LeetCode — The best time to buy and sell stocks (dynamic planning + update extremum)

Topic describes

Idea 1: Update the maximum and minimum values

• First, assume that the first element is minPrice, the lowest price.
• Define a maximum price difference maxPriceDiff and set the value to 0.
• Updates the price Max and min values from the second element of the array.
• The minimum is the comparison between the ith element and the previous minimum minPrice.
• The maximum price spread is compared between the previous maximum price spread and (the value of the stock on day I – the previous minimum).
• Finally return the maximum price difference.

AC code

var maxProfit = function (prices) {
    // Update the maximum and minimum values
    let maxPriceDiff = 0;
    let minPrice = prices[0];
    for (let i = 1; i < prices.length; i++) {
        minPrice = Math.min(prices[i], minPrice);
        let tempMax = Math.max(prices[i] - minPrice);
        maxPriceDiff = Math.max(maxPriceDiff, tempMax);
    }
    return maxPriceDiff;
};
Copy the code

Idea 2: Dynamic planning

See comments in the code for details. Note: in this case there is only one transaction, for example if you buy today the cash you have is -prices[I].

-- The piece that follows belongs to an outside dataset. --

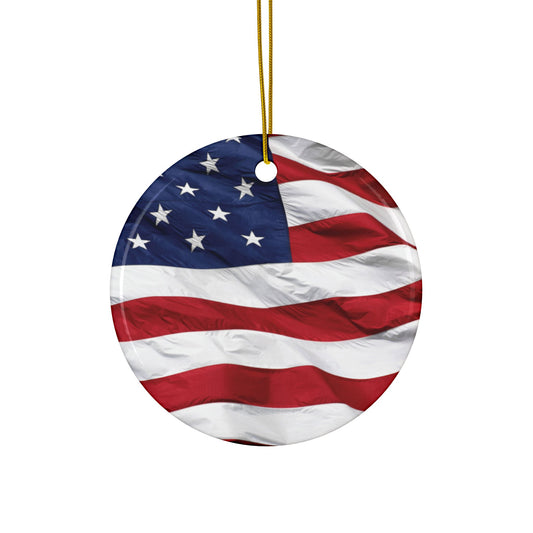 Patriotic - American Flag - Red White & Blue - Ceramic Ornaments - 2-Sided Holiday Decor -  Set of 1, 3, 5, or 10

Dp array and what the subscripts mean

• Dp [I][0] : indicates the amount of cash that does not hold shares on day I
• Dp [I][1] : represents the amount of cash held in stocks on day I

AC code

var maxProfit = function (prices) {
    // By dynamic programming
    const dp = new Array(prices.length).fill([0.0]);
    // Set the initial value for dynamic planning
    // The amount of cash on hand on day 0 without holding shares
    dp[0] [0] = 0;
    // The amount of cash on hand is the negative of the day's price
    dp[0] [1] = -prices[0];
    // Start traversal from the next day
    for (let i = 1; i < prices.length; i++) {
        // Day I no shares in hand: no shares in hand the previous day, or shares in hand the previous day but sold today
        dp[i][0] = Math.max(dp[i - 1] [0], dp[i - 1] [1] + prices[i]);
        // Day I hold stock situation: the previous day did not hold stock, buy today, or the previous day hold stock today did not sell
        dp[i][1] = Math.max(- prices[i], dp[i - 1] [1]);
    }
    // The final return is the maximum amount of cash that was not held on the last day
    return dp[prices.length - 1] [0]};Copy the code

The title to reflect

• Learn to use dynamic programming to solve stock buying and selling problems
• Learn to solve this problem by constantly updating the maximum and minimum values.
• The most important thing about dynamic programming is to understand the dp array and its subscripts and to list the equations of dynamic programming accurately.